_PROBLEM_. In the listing below, print exactly the lines between the line holding "Photo of BUDAPEST, HUNGARY" and the line holding "Bright bedroom with", inclusive, and no more.

_DATA_.
|---|
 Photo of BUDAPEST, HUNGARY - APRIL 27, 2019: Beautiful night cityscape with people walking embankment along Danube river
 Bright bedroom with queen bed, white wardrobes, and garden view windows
|---|
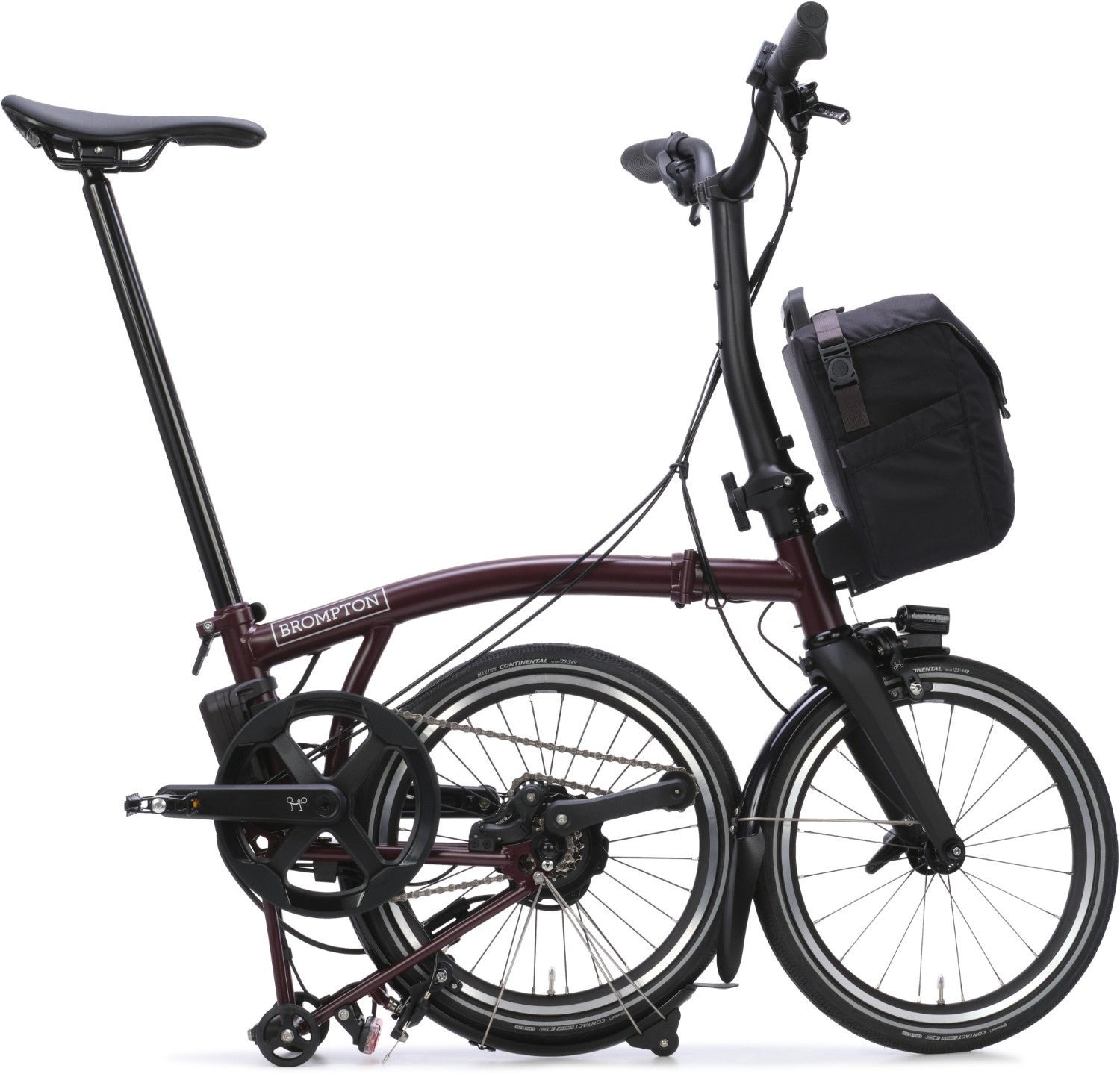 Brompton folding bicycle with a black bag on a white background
|---|
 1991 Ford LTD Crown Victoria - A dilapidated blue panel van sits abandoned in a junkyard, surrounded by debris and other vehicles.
|---|
_WRITTEN ANSWER_.
 Photo of BUDAPEST, HUNGARY - APRIL 27, 2019: Beautiful night cityscape with people walking embankment along Danube river
 Bright bedroom with queen bed, white wardrobes, and garden view windows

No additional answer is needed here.